In her new exhibition American Sigh Language, the present political moment weighs heavily on the artist. Weight, in fact, recurs as a key theme throughout the exhibition, pointing to a social and political context in which the current administration brashly erodes norms and diminishes civil rights protections for numerous groups of Americans, including people of color, transgender people, immigrants, and disabled people. Under this pressure, these targeted groups can feel the double burden of fighting for their rights while dealing with the weight of persecution. In American Sigh Language, Kim captures, records, and diagrams the feelings and implications of this weight.
The exhibition opens with a major new ten-channel sound work: Community Sigh. Collaborating with friends from around the world, Kim collected audio recordings of sixty-six Deaf people sighing. She pressed the sound clips on five vinyl records that play simultaneously on continuously repeating record players. From speakers spread throughout the gallery, the sounds of exasperation, exhaustion, anger, and frustration fill the room. Yet the piece also conveys a togetherness borne of shared experience and embodied in collective breathing. Atop each vinyl disk spins a hand-formed record weight. Typically used by audiophiles to improve vinyl playback, the record weights here symbolically burden the physicalized sounds, spinning dizzyingly in place.
Weight is also conveyed in two new drawings that explore an American Sign Language (ASL) idiom, MIND ROCK. A compound sign combining MIND and ROCK, the expression indicates that a thought has concretized into stone, as if to say that ones mind is made up, ones thoughts have become heavy. In her idiosyncratic notations, Kim puts her own spin on the signs, depicting them in one instance as a dark black circle that fuses thought and stone, and in another as an empty musical staff rebounding off a charcoal mass.

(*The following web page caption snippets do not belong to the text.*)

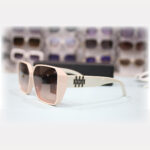 LUMIN premium polarized women's sunglasses, cat-eye frame, tortoise shell Women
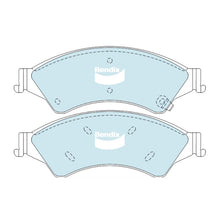 Load image into Gallery viewer, Bendix Ultimate 4WD Disc Brake Pads - DB2074 ULT4WD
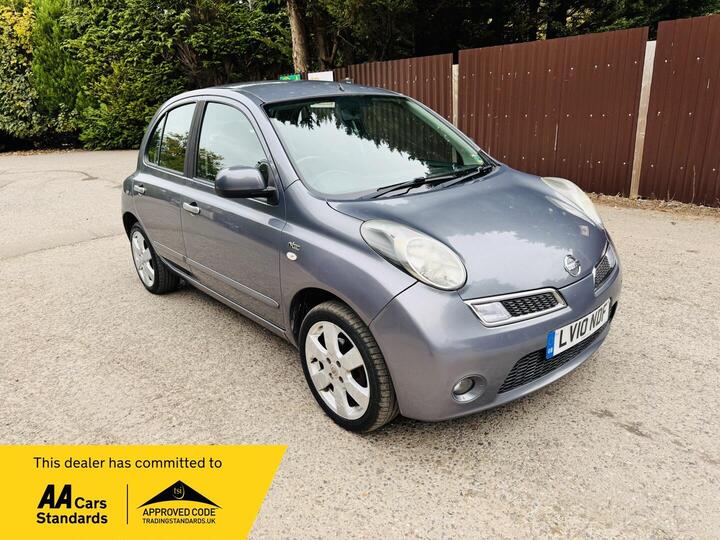 Nissan Micra 1.2 16v N-tec 5dr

Kim elaborates on this use of musical notation in a new wall mural and drawing series called Heavy Relevance. Taking an open-ended approach to the concept of relevance, she creates an experimental score in which bands of empty staff lines become distorted and weighed down by singular quarter notes. Kim created the works while contemplating the fluctuations of cultural trend cycles in which ASL and Deaf culture become more or less relevant due to popularity factors largely outside the Deaf communitys control. With federal rights and protections on the line, Heavy Relevance dwells on the distortions of relevancy and trendiness on an individual psyche, an institution, or on society at large.

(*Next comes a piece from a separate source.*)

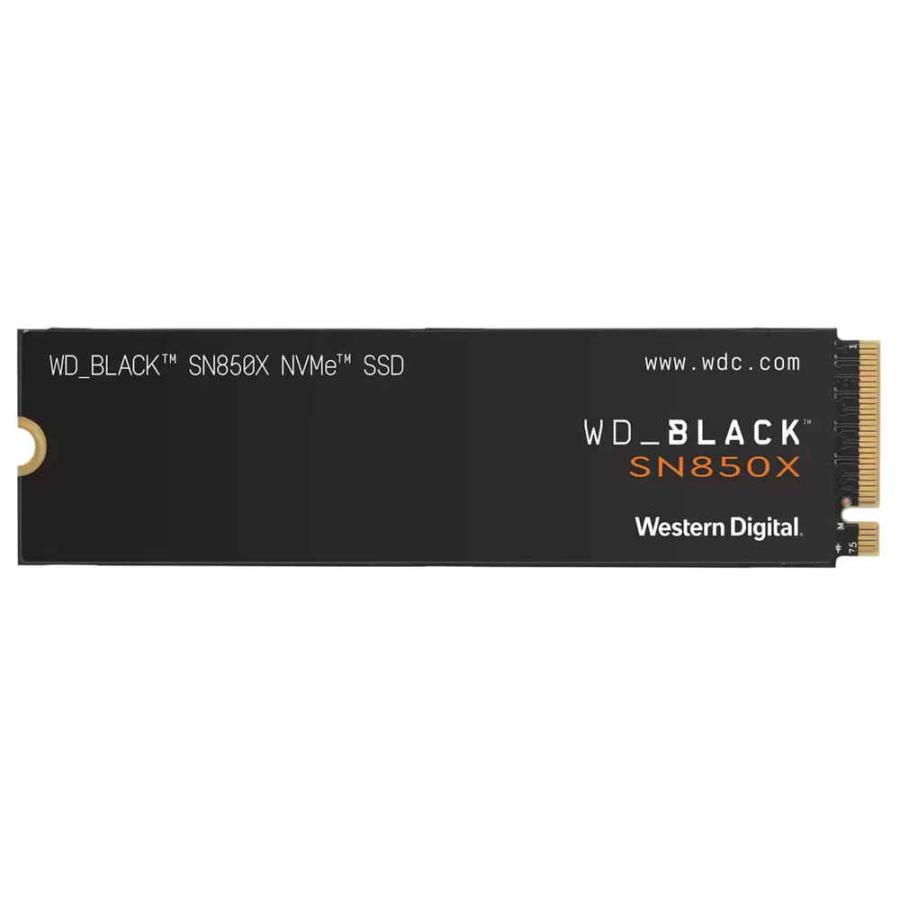 Western Digital WDS200T2X0E WD_BLACK SN850X NVMeシリーズ 2TB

Christine Sun Kim (b. 1980, Orange County) has exhibited and performed internationally, including at the Whitney Museum of American Art, New York (2025); Gwangju Biennale (2023); Secession, Vienna (2023); Queens Museum, New York (2022); the Drawing Center, New York (2022); the Museum für Moderne Kunst, Frankfurt (2021); Manchester International Festival, Manchester (2021); MIT List Visual Arts Center, Cambridge (2020); Whitney Biennial, New York (2019); Buffalo AKG Art Museum, Buffalo (2019); Art Institute of Chicago (2018); San Francisco Museum of Modern Art (2017); De Appel Arts Center, Amsterdam (2017); Berlin Biennale (2016); Shanghai Biennale (2016); MoMA PS1, New York (2015) and the Museum of Modern Art, New York (2013), among numerous others.

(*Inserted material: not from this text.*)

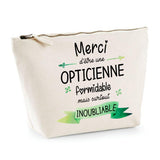 Trousse Merci Opticienne inoubliable - Planetee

Kims awards and fellowships include an MIT Media Lab Fellowship, a United States Artists fellowship, a Ford and Mellon Foundations Disabilities Future Fellowship, and the Prix International dArt Contemporain of the Fondation Prince Pierre de Monaco. Her works are held in numerous prominent collections, including the Museum of Modern Art, New York, LACMA, Tate Britain, Smithsonian American Art Museum, Museum of Contemporary Art, Los Angeles, Walker Art Center, and the Whitney Museum of American Art, among others. She lives and works in Berlin.